The primary goals of this quality improvement project were to examine the impact of the symposium, assess what education topics families deemed most important, and to equip patients and families with knowledge of SCD. Overall, the symposium was well received by most participants. The symposium was rated as outstanding and excellent. Eighty-two percent (N=36) indicated that they would attend another symposium about SCD. We think this indication increased because the topics this year were more appealing to parents of infants with SCD and individuals who wanted more information about pain management and curative therapies. Of those who completed the survey, 38.9% (7) rated the session about Transplantation in Children as most helpful. In recent years, interest in stem cell transplant has increased among patients with SCD and their families. Two studies conducted by Roth et al. [14], and Thompson et al. [13], showed that a majority of patients with SCD and their families were interested in stem cell transplant and were willing to accept the risk of acute mortality in hopes of achieving a cure. Other studies have reported similar results. Similarly, 22% of participants rated New Treatments and Trials and Integrative Medicine (alternatives to opioid treatment) as most helpful. However, participants rated the transition panel as least helpful and did not rate Social and Emotional Management of SCD. These results suggest that participants who attended the symposium were more interested in hearing about clinical and research advances in the treatment of SCD than psychosocial issues. It can also be inferred that most of the families who attended the symposium had young children and were less interested in hearing about adolescent transition.

In addition, the results also reflect increasing popularity and acceptance among sickle cell patients and health care providers in alternative treatments as an effective treatment modality for sickle cell pain. In a study conducted by Thompson & Eriator [15], they found that 91.6 % of patients with SCD used complementary alternative medicine (CAM). Forty-two percent used prayer and spiritual and energy healing, 28% used relaxation techniques, exercise, imagery, and diet, 12% used herbal medicines, and 5% massage [16].

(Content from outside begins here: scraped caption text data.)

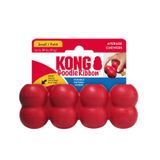 Kong Goodie Ribbon Köpek Ödül Oyuncağı [S]
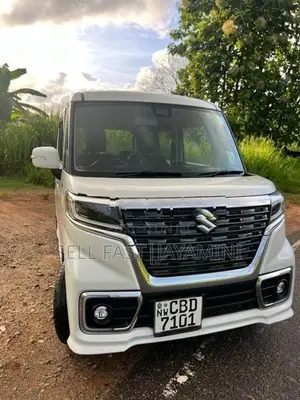 Suzuki Spacia 2017
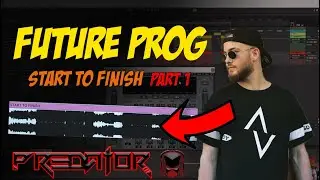 START TO FINISH FUTUREPROG TRACK TUTORIAL 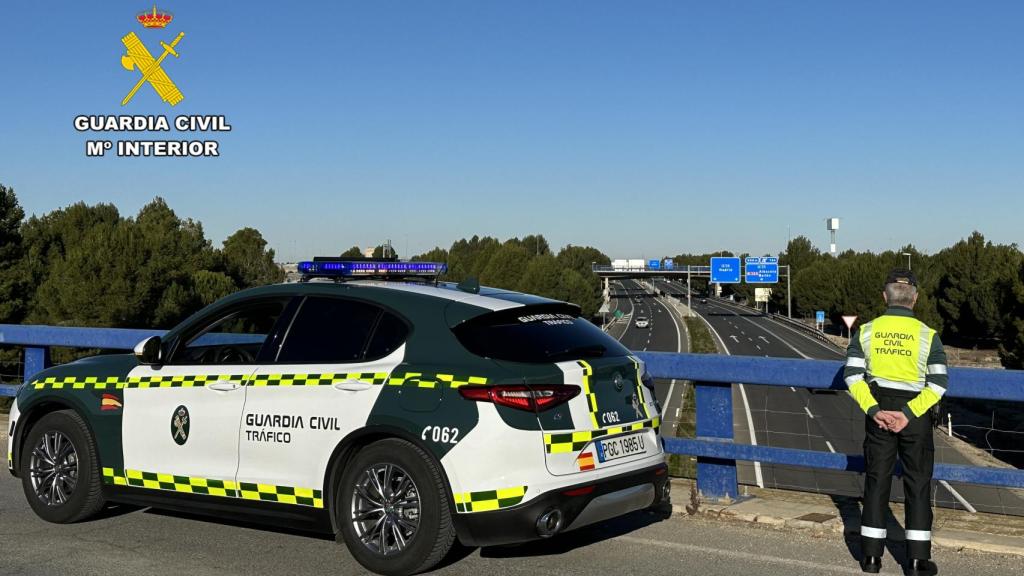 Guardia Civil de Tráfico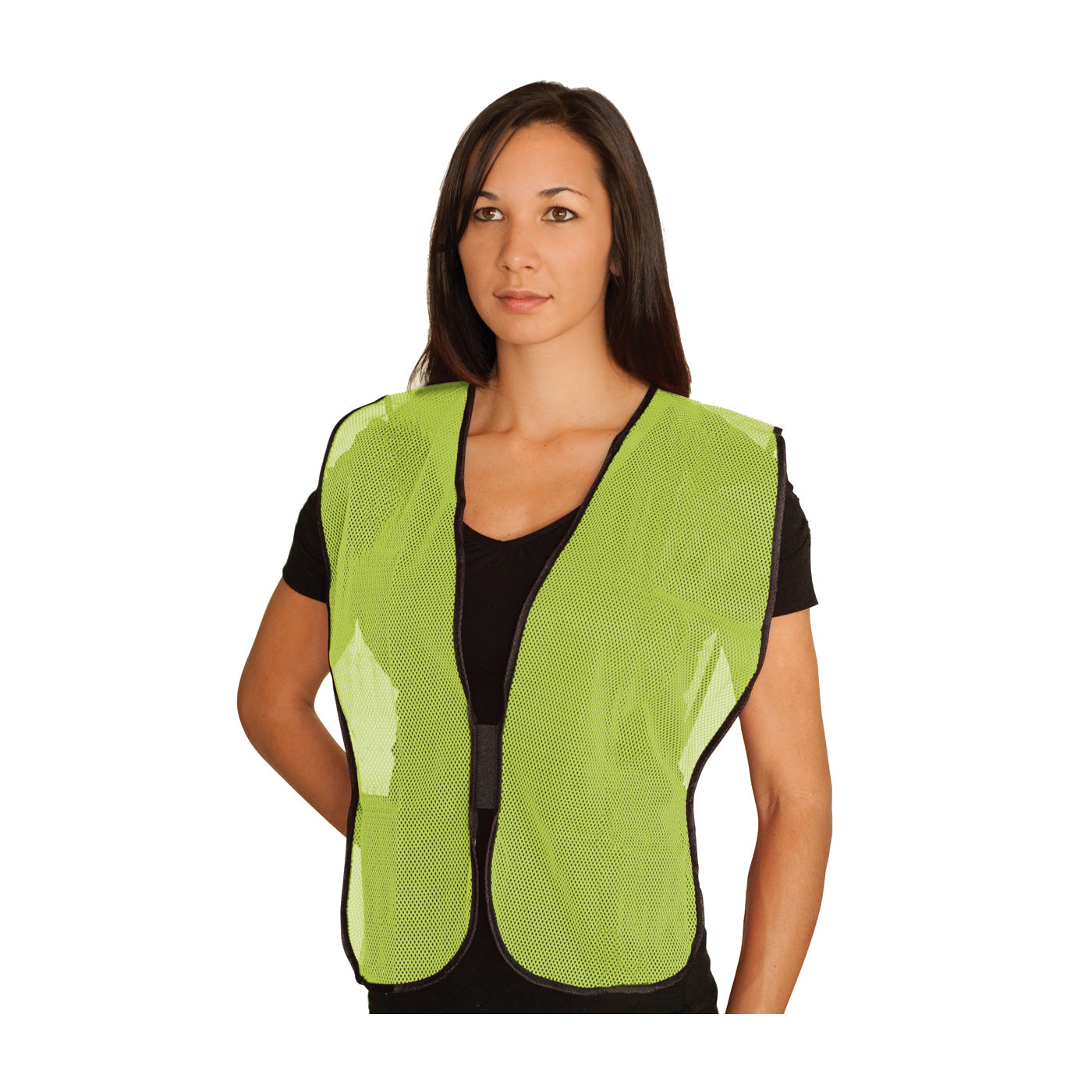 PIP® Non-ANSI Mesh Safety Vest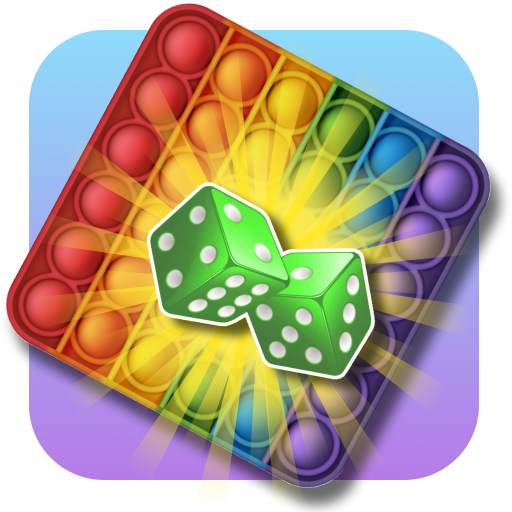 Pop It Challenge 3D! toy games 0.56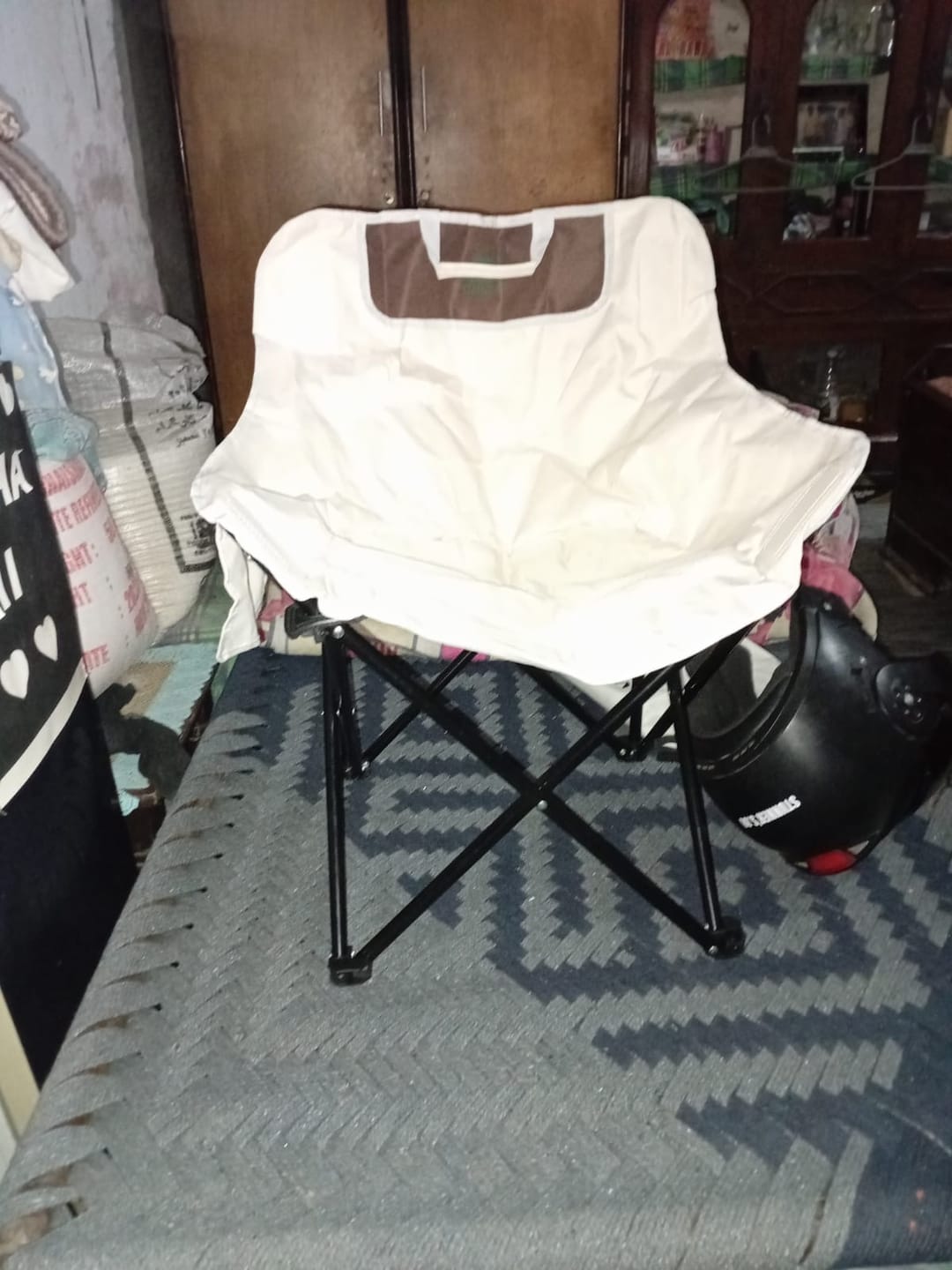 Customer photo review of Starlight Camping Chairs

This quality improvement project had several limitations. First, the sample size was small and may not be representative of all patients with SCD and their families. In addition, it can be inferred that patients and families who attended the symposium were more motivated and interested in learning about sickle cell disease than most of our patients and families. As a result, it is unclear if these findings can be generalizable to the patient population at Children’s National. Lastly, future surveys should include questions assessing SCD knowledge in order to assess the efficacy of the symposium as an educational intervention. It should also include questions about income and education in order to assess what effect these variables have on attendance and who really benefits from the symposium. This knowledge could help in the development of future symposiums. Despite these limitations, findings from this quality improvement project showed that the symposium is an effective tool for disseminating information about clinical care and research trials to patients, families and healthcare providers and that most participants deemed the topics as helpful and informative. It was also helpful in developing a SCD parent advisory council and parent support group.

The symposium was funded by The Children’s Health Board at Children’s National Hospital. The authors thank all the presenters for sharing their SCD expertise and the patients and families who attended the symposium and participated in the surveys.

The authors(s) declare no potential conflicts of interest with respect to the research, authorship and /or publications of this article.